Nel 2021, il Ministero del Lavoro nipponico ha dichiarato che la probabilità di recidiva crollava se al detenuto anziano veniva dato supporto dopo aver lasciato il carcere; in caso contrario, non è per nulla raro ripetere il reato incrociando le dita di finire dentro.
Se la galera è più stabile della vita libera, qualche problema c’è, e neppure tanto piccolo.
Il governo di Tokyo, negli ultimi anni, ha potenziato i programmi di assistenza agli anziani e – per i detenuti in generale – di reinserimento sociale.
Non senza frutti, certo. Il problema non è però del tutto risolto.
Il vero nocciolo risiede nella disuguaglianza della società giapponese. Disuguaglianza di classe, disuguaglianza di genere: i due vettori s’incrociano. E producono effetti come il carcere di Tochigi.
Nel 2015, Koike Yuriko (allora deputata della Dieta nazionale e dall’anno seguente governatrice di Tokyo, ancora oggi in carica) scrive che il Giappone ha una tassazione sui grandi patrimoni e sulle successioni più rigida di quelle di altri Paesi industrializzati, così si evitano gargantuesche accumulazioni al vertice della piramide sociale.

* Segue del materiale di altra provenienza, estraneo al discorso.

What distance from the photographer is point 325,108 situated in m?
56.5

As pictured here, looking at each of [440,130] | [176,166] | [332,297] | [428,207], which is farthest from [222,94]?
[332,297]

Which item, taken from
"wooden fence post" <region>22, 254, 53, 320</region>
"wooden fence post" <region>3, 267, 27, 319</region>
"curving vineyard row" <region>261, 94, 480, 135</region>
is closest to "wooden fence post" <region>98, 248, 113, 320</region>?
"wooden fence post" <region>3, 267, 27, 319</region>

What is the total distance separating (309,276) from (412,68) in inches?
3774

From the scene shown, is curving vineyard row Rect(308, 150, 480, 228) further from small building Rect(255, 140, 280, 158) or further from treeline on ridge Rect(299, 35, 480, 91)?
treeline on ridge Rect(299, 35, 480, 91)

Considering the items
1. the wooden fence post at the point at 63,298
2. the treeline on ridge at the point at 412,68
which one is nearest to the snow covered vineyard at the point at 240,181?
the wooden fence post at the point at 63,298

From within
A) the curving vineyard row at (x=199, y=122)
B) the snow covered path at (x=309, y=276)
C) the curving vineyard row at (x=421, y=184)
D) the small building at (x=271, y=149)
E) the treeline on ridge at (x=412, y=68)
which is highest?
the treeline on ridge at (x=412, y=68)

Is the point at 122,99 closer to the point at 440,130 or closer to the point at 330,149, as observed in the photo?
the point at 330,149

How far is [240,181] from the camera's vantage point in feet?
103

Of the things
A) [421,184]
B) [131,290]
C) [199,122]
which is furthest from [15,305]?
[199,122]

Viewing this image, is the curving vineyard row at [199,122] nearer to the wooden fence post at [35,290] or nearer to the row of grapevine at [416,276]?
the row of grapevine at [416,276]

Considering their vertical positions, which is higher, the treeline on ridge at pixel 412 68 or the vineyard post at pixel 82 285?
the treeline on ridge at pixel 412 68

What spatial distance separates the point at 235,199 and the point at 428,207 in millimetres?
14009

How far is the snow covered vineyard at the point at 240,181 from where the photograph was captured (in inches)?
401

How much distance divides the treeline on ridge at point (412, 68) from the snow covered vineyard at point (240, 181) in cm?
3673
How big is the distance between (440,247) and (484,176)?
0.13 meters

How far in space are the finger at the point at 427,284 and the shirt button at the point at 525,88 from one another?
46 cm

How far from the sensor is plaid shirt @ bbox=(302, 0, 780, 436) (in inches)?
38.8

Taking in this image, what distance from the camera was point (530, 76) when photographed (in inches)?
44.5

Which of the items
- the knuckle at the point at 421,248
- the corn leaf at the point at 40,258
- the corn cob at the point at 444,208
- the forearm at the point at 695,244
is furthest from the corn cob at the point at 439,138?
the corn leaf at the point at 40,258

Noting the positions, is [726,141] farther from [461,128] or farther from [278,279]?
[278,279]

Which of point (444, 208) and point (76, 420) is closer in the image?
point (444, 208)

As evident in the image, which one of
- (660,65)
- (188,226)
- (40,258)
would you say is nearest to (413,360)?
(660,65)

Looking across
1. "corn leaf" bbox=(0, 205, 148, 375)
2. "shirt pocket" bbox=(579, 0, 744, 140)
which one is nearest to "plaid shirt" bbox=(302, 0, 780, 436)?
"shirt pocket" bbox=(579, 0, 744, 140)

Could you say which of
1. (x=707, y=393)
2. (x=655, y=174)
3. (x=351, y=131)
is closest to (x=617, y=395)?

Yuriko sottolinea, però, che le politiche economiche dell’allora capo del governo Shinzo Abe avevano visto un allargamento della forbice tra ricchi e poveri, iniziando a erodere un modello che era rimasto abbastanza stabile.

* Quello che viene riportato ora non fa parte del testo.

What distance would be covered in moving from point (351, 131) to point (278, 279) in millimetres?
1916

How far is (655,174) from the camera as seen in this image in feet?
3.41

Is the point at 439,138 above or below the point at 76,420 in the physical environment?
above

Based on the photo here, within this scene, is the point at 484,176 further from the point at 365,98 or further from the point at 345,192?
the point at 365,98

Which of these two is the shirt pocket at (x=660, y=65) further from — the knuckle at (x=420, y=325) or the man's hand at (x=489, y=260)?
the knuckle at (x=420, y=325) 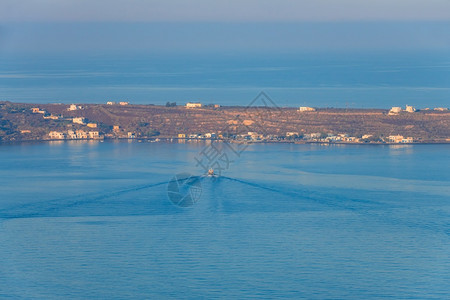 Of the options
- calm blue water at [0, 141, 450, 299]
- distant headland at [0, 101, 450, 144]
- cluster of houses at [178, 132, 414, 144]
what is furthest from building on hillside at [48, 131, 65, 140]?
calm blue water at [0, 141, 450, 299]

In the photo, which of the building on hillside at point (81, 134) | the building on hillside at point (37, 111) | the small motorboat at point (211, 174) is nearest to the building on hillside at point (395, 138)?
the small motorboat at point (211, 174)

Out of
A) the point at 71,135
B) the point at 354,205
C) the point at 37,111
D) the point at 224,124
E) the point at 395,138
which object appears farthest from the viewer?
the point at 37,111

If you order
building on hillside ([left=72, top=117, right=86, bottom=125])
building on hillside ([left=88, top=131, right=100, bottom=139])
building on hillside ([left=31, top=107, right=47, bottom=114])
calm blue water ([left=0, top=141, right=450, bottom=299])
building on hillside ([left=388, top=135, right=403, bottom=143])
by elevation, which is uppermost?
building on hillside ([left=31, top=107, right=47, bottom=114])

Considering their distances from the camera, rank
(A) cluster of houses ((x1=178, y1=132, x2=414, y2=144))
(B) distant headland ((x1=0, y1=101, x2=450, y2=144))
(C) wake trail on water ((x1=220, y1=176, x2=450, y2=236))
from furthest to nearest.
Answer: (B) distant headland ((x1=0, y1=101, x2=450, y2=144))
(A) cluster of houses ((x1=178, y1=132, x2=414, y2=144))
(C) wake trail on water ((x1=220, y1=176, x2=450, y2=236))

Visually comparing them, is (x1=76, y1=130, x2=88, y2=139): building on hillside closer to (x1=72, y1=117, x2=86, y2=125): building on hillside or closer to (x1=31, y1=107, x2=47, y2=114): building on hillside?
(x1=72, y1=117, x2=86, y2=125): building on hillside

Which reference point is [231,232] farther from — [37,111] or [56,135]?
[37,111]

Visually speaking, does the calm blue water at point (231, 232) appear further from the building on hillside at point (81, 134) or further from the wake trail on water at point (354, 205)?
the building on hillside at point (81, 134)

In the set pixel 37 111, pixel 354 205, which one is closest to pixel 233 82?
pixel 37 111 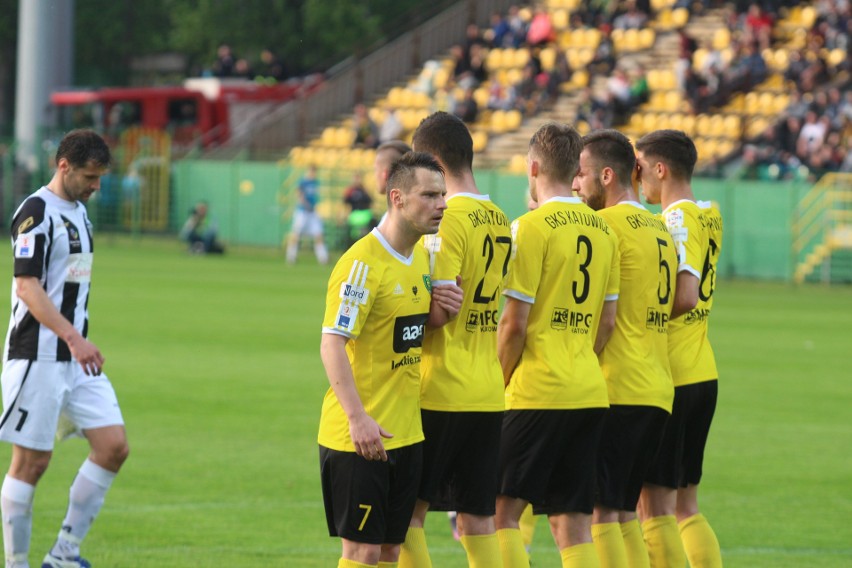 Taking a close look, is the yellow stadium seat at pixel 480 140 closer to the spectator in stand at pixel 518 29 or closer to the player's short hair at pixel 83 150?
the spectator in stand at pixel 518 29

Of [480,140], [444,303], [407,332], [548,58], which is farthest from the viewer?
[548,58]

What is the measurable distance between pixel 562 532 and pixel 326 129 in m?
38.1

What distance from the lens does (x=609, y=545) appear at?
7004 millimetres

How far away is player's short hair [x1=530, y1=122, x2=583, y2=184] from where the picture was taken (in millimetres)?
6703

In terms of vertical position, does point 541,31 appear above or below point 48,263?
above

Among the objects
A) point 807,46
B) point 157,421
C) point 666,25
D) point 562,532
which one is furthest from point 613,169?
point 666,25

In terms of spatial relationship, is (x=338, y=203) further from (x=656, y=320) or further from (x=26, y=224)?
(x=656, y=320)

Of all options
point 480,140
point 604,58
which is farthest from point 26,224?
point 604,58

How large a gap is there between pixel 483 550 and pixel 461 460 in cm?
40

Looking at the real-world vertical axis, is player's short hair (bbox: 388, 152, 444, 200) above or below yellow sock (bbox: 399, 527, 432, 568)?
above

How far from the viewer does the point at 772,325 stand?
2250cm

Con tutto il rispetto per le posizioni di Yuriko, il Giappone non è così egualitario. E non (solo) per le Abenomics, no.
Uno studio di Tetsuo Fukawa, intitolato proprio Disparità di reddito nel Giappone e pubblicato nel 2021, mostra come il coefficiente di Gini (una misura della disuguaglianza nella distribuzione dei redditi: più alta è, più c’è disuguaglianza) dal 1985 al 2018 sia più alto rispetto ad altri Paesi industrializzati – tranne Regno Unito e Stati Uniti d’America, ma nessuna sorpresa – e peggiora ancor di più considerando solo la parte anziana della popolazione.
In questa classifica, per curiosità, l’Italia è abbastanza vicina all’ultimo Impero, ma in positivo.

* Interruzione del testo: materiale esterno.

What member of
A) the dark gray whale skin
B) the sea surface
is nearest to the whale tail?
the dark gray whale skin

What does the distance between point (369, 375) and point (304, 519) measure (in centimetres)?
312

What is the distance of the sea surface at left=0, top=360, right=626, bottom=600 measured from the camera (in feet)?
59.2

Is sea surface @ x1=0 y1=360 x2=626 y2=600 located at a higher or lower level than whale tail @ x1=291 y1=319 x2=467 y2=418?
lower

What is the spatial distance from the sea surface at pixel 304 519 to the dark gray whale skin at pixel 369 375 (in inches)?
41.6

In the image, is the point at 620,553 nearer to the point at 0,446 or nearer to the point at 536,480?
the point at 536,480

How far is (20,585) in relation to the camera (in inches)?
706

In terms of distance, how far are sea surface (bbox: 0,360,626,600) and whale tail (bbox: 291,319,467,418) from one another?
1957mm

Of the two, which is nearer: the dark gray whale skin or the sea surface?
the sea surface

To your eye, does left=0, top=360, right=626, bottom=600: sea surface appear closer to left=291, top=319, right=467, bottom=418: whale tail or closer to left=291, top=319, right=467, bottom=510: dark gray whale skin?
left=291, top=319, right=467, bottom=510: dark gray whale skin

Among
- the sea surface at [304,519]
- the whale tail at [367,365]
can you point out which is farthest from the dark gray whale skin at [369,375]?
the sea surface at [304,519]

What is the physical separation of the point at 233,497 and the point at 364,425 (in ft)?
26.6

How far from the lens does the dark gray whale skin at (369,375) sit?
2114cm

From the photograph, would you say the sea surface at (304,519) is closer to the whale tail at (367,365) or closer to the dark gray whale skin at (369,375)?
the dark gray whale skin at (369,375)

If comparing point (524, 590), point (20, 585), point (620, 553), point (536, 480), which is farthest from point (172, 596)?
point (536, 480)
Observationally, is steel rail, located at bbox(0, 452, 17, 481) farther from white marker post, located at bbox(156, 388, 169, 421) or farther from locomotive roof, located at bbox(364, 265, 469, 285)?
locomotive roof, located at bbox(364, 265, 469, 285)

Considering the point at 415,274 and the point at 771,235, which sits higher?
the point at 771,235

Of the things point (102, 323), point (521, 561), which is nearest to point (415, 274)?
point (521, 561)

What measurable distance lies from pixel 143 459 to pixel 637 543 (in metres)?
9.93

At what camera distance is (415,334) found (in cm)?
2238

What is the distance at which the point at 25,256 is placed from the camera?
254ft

Quindi sì, le scelte dei governi di Abe hanno peggiorato la situazione, tuttavia in primo luogo è un pericoloso trend internazionale a cui, purtroppo, il Sol Levante non fa eccezione, e secondariamente già da prima i sistemi di welfare dell’Europa continentale permettevano una minor disuguaglianza rispetto al Giappone.
Le anziane di Tochigi, che preferiscono le sbarre con un pasto garantito alla libertà senza sapere come arrivare a fine mese, sono, probabilmente, il simbolo più “strano” e significativo di cosa voglia dire vivere con la spada di Damocle della precarietà sulla testa.